Biesta (2017) suggère une analyse de cette tension entre le risque et l’éducation en identifiant deux tendances différentes. D’un côté, il existe une éducation « forte et métaphysique » - celle qui prédomine dans les systèmes actuels - qui tente de réduire les risques en considérant les processus d’enseignement-apprentissage comme des processus et produits évaluables et quantifiables, immunisés devant l’incertitude et la vulnérabilité. D’un autre côté, l’auteur propose un modèle alternatif qui favorise la création d’espaces où la subjectivité de l’étudiant peut se déployer, c’est-à-dire une éducation qui offre les conditions pour que le sujet assume sa relation éthique avec les autres et pour que puisse se manifester une responsabilité unique et singulière de tout un chacun envers autrui et avec autrui.
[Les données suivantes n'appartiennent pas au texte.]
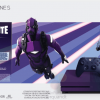 Фиолетовая консоль Xbox One S Fortnite Limited Edition с таким же геймпадом показаны на официальном изображении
Dans ce modèle alternatif, le risque représente une réalité indissociable de l’éducation : ici, les résultats sont ouverts, dynamiques et indéterminés ; la possibilité de ne pas atteindre ce qui prescrit demeure sous-jacente. Il importe donc selon Biesta (2017, p. 41) de s’assurer que notre organisation de l’éducation ne contribue pas à assourdir et à aveugler les étudiants devant les grands enjeux de l’époque et les réponses qu’il faut y apporter, comme l’action face au changement climatique, la décarbonation, les changements de modèles de consommation et/ou de modes de vie, etc. Il est donc impérieux de créer des espaces et des moments où les personnes peuvent débattre et de faciliter à cet effet la réflexion sur des situations où il convient d’identifier et d’accepter la subjectivité et la responsabilité. Dans son analyse de la théorie de la communication de Dewey, Biesta défend que la conception d’une communication « efficace » a une influence sur l’éducation, en situant l’acte communicatif en tant qu’élément capital du processus socio-éducatif. Il propose ainsi une vision de la communication en tant que processus de signification et d’interprétation, ouvert et indéterminé, et qui pourtant n’est pas sans risque face à une conception de la communication en tant que processus unidirectionnel d’émission-réception d’information/produits.
À cet effet, on observe que la pandémie et le changement climatique ont envahi le domaine du sens commun par le biais de différents canaux de communication et de divers processus sociaux et psychologiques qui impliquent des représentations sociales préalablement constituées ou qui en produisent de nouvelles pour interpréter et agir dans le labyrinthe d’un présent problématique qui se reconfigure vertigineusement. Certes la complexité des deux phénomènes rend très difficile une communication/transmission efficace, comme on a pu le constater jusqu’ici. Mais il faut souligner aussi que la quantité de savoirs scientifiques disponibles aujourd’hui rend impossible leur intégration dans un curriculum déjà saturé en termes de contenus d’apprentissage scolaire.
Devant une production scientifique soutenue et exponentielle, un programme éducatif ne peut pas être conçu comme un récipient doté d’une capacité infinie pour en remplir le contenu. Quels contenus doit-on choisir alors et lesquels doit-on écarter ? Lesquels sont indispensables ? Est-ce que nous avons besoin de contenus en épidémiologie et en microbiologie en tant que réponse à la pandémie ? Est-ce que l’alphabétisation épidémiologique représente la réponse pédagogique face à ce problème ?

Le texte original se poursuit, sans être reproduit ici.